- **WHAT YOU HAVE TO DO**:
Each line from the one holding "Why didn’t you" to the last line below must be restated word for word, and no picture may be included.

━━━━━ GIVEN DATA ━━━━━

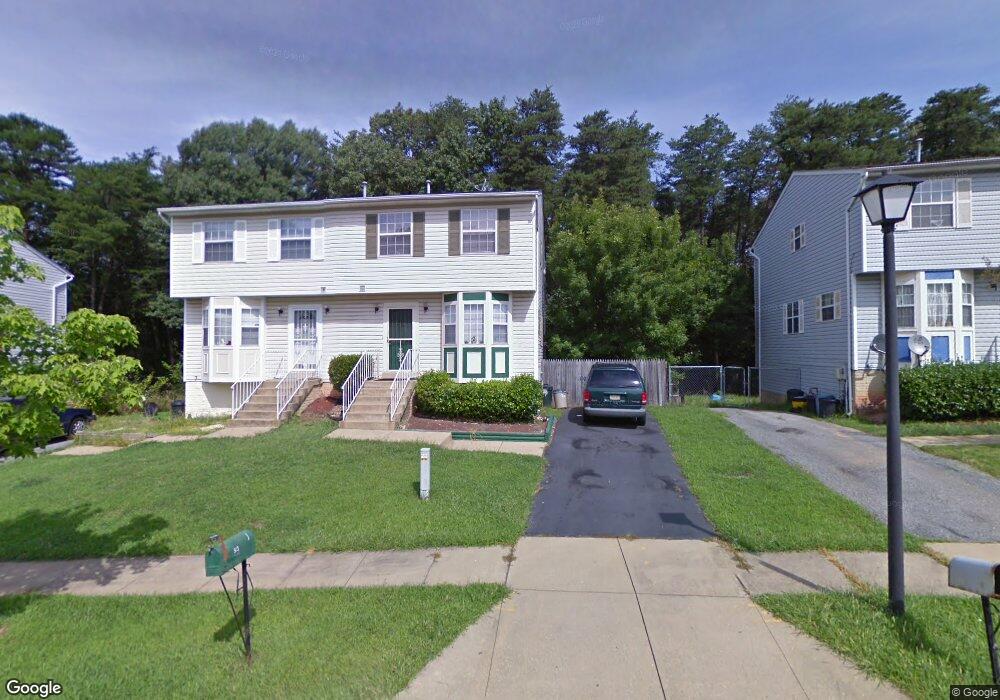 913 Central Hills Ln, Hyattsville, MD 20785 - photo 1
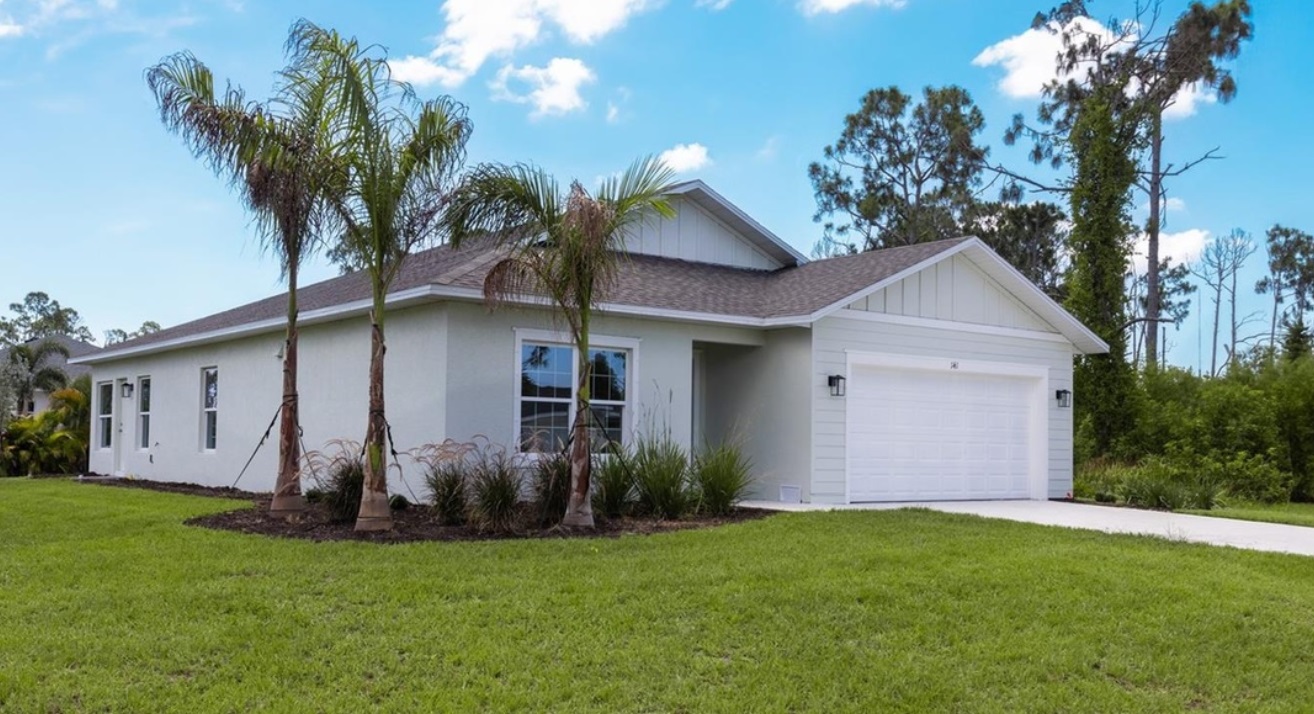 Rotonda West neighborhood home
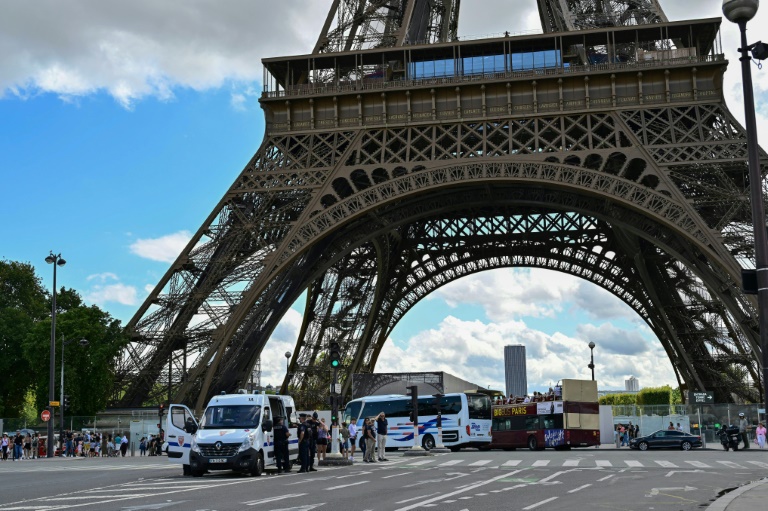 La tour Eiffel évacuée trois heures à la suite d'une alerte à la bombe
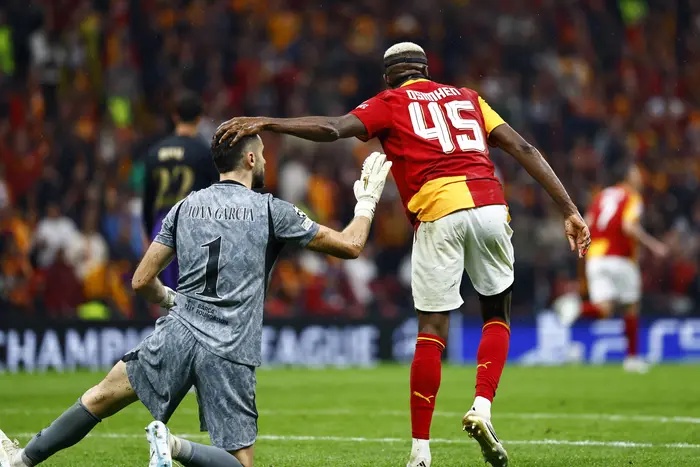Why didn’t you pass? Osimhen slammed for missing chance against Barcelona after SIX offside calls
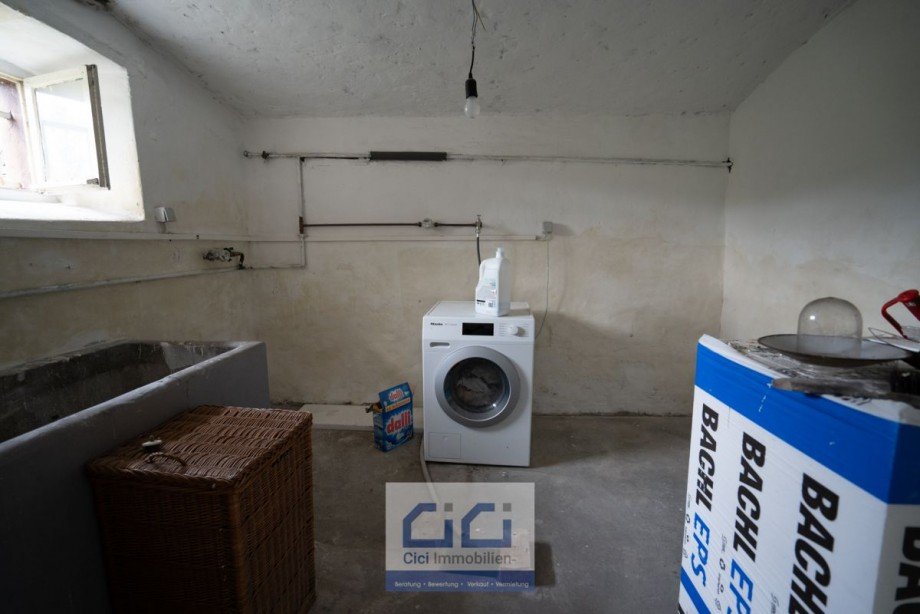 16. Waschraum Zweifamilienhaus Altena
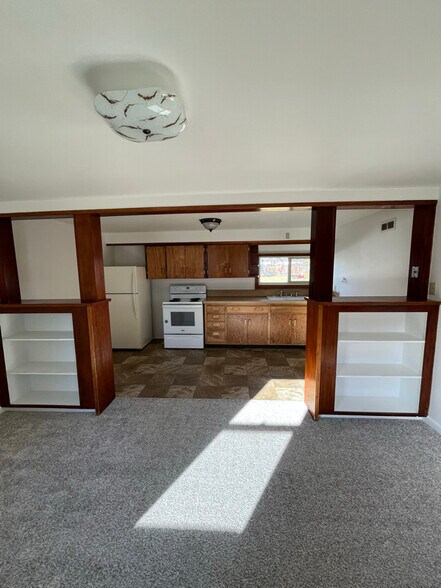 Building Photo - 1166 S Sheridan Ave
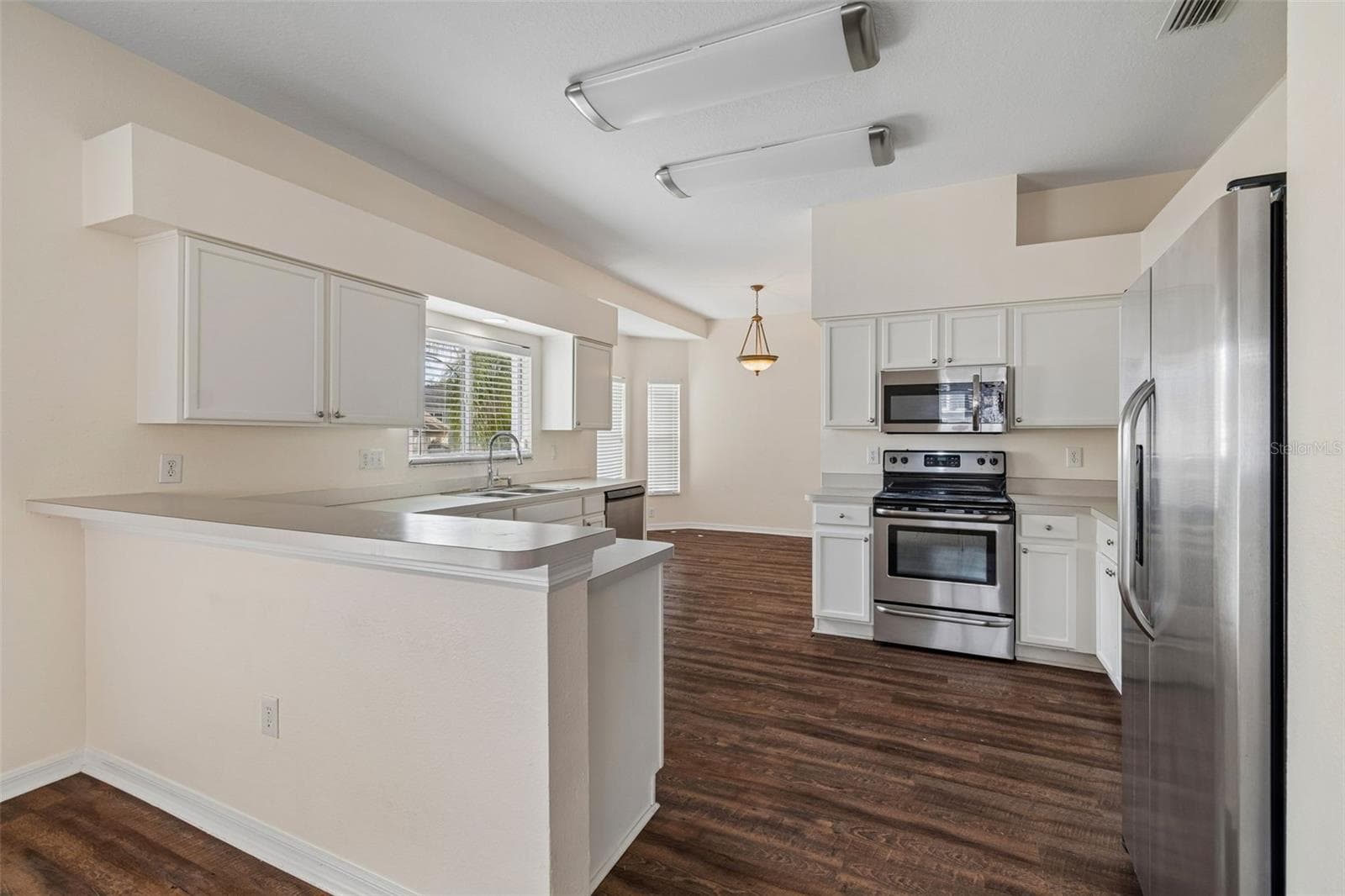 Kitchen - 3307 PINE TOP DR, VALRICO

━━━━━

- **RESULT OF THIS TASK**:
Why didn’t you pass? Osimhen slammed for missing chance against Barcelona after SIX offside calls
 16. Waschraum Zweifamilienhaus Altena
 Building Photo - 1166 S Sheridan Ave
 Kitchen - 3307 PINE TOP DR, VALRICO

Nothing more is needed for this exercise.